• _Instructions to follow_
From the data underneath, reproduce exactly the stretch that begins at the line with "Resort-style community featuring" and ends after the line with "Luxury bathroom with".

+---+

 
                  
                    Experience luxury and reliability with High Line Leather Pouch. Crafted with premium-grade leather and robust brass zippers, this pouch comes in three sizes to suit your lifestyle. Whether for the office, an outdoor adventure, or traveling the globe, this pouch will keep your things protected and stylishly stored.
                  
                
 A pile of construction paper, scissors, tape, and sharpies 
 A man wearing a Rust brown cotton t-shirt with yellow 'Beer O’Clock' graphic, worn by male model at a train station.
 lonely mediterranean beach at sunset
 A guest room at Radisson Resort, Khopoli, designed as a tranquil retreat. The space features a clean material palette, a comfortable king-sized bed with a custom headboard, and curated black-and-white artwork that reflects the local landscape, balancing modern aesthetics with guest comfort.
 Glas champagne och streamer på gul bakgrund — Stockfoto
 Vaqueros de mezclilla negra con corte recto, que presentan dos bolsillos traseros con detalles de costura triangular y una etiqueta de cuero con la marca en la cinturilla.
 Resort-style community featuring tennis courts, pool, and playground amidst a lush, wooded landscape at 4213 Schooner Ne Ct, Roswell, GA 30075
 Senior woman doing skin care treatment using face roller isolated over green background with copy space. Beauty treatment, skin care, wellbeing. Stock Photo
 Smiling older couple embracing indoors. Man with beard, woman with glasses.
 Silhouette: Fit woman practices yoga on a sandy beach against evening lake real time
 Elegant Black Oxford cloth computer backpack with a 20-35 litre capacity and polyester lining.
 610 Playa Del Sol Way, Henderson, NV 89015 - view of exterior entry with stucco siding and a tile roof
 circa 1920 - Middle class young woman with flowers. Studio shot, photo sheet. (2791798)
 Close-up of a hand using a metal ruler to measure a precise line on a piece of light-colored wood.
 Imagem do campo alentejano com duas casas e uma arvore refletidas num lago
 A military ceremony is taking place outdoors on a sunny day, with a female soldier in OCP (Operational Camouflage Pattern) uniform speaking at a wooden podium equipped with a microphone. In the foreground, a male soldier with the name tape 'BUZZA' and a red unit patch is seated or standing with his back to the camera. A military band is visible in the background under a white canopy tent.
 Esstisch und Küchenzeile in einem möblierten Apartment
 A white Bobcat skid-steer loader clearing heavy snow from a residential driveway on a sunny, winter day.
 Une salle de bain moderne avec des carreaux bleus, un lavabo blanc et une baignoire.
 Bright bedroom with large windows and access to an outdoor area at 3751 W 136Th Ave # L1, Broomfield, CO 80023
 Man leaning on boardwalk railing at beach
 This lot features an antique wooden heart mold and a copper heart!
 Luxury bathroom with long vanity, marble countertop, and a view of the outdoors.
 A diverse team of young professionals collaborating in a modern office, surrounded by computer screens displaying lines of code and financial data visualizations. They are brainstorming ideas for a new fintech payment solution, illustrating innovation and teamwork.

+---+

• _Answer space_
 Resort-style community featuring tennis courts, pool, and playground amidst a lush, wooded landscape at 4213 Schooner Ne Ct, Roswell, GA 30075
 Senior woman doing skin care treatment using face roller isolated over green background with copy space. Beauty treatment, skin care, wellbeing. Stock Photo
 Smiling older couple embracing indoors. Man with beard, woman with glasses.
 Silhouette: Fit woman practices yoga on a sandy beach against evening lake real time
 Elegant Black Oxford cloth computer backpack with a 20-35 litre capacity and polyester lining.
 610 Playa Del Sol Way, Henderson, NV 89015 - view of exterior entry with stucco siding and a tile roof
 circa 1920 - Middle class young woman with flowers. Studio shot, photo sheet. (2791798)
 Close-up of a hand using a metal ruler to measure a precise line on a piece of light-colored wood.
 Imagem do campo alentejano com duas casas e uma arvore refletidas num lago
 A military ceremony is taking place outdoors on a sunny day, with a female soldier in OCP (Operational Camouflage Pattern) uniform speaking at a wooden podium equipped with a microphone. In the foreground, a male soldier with the name tape 'BUZZA' and a red unit patch is seated or standing with his back to the camera. A military band is visible in the background under a white canopy tent.
 Esstisch und Küchenzeile in einem möblierten Apartment
 A white Bobcat skid-steer loader clearing heavy snow from a residential driveway on a sunny, winter day.
 Une salle de bain moderne avec des carreaux bleus, un lavabo blanc et une baignoire.
 Bright bedroom with large windows and access to an outdoor area at 3751 W 136Th Ave # L1, Broomfield, CO 80023
 Man leaning on boardwalk railing at beach
 This lot features an antique wooden heart mold and a copper heart!
 Luxury bathroom with long vanity, marble countertop, and a view of the outdoors.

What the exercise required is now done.